In theory there is a possibility that the tokenization can differ for very specific edge cases. But it's extremely unlikely that this would affect any of the entity spans you've annotated – for this to happen, the character offsets of the entities would have to not map to valid token boundaries anymore. But this is also something you can verify pretty easily yourself: for every span you've annotated in a document, Doc.char_span needs to succeed.

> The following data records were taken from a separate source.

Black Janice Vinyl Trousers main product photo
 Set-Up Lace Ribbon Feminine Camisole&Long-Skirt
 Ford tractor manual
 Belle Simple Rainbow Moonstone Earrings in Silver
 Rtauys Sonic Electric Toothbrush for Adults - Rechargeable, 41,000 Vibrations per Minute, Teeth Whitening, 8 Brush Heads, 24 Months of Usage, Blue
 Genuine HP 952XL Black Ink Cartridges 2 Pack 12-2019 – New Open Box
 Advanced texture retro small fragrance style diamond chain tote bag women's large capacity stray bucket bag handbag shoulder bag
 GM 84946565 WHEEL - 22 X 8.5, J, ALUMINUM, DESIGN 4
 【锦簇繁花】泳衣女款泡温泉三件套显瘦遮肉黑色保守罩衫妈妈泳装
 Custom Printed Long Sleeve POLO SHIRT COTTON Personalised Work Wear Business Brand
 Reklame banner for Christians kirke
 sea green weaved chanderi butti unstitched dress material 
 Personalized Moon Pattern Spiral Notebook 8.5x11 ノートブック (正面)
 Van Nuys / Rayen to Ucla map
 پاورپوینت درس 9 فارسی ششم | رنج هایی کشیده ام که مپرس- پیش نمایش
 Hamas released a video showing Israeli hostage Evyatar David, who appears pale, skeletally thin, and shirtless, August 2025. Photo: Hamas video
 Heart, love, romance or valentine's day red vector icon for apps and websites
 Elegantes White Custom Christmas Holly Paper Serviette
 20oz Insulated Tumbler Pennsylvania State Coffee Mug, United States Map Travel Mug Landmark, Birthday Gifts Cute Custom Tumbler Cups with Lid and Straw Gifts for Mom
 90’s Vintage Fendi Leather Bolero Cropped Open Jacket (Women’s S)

We have a build of Prodigy that works with v2.1, but there’s one or two features we’d still like to add, especially pretraining support in the recipes. We also want to keep testing, as we want to make sure we give everyone a smooth experience.
Actually it would be useful to have some external testers as well. If you want to try it out, send us an email? email@example.com
I sent you an email the other day regarding testing from firstname.lastname@example.org. I’ll be happy to start testing the new version. I am streaming data from Google Firestore and will probably use that for saving the annotations as well. I’ll be using prodigy for textcat today and for a parser for custom semantics soon (somehow).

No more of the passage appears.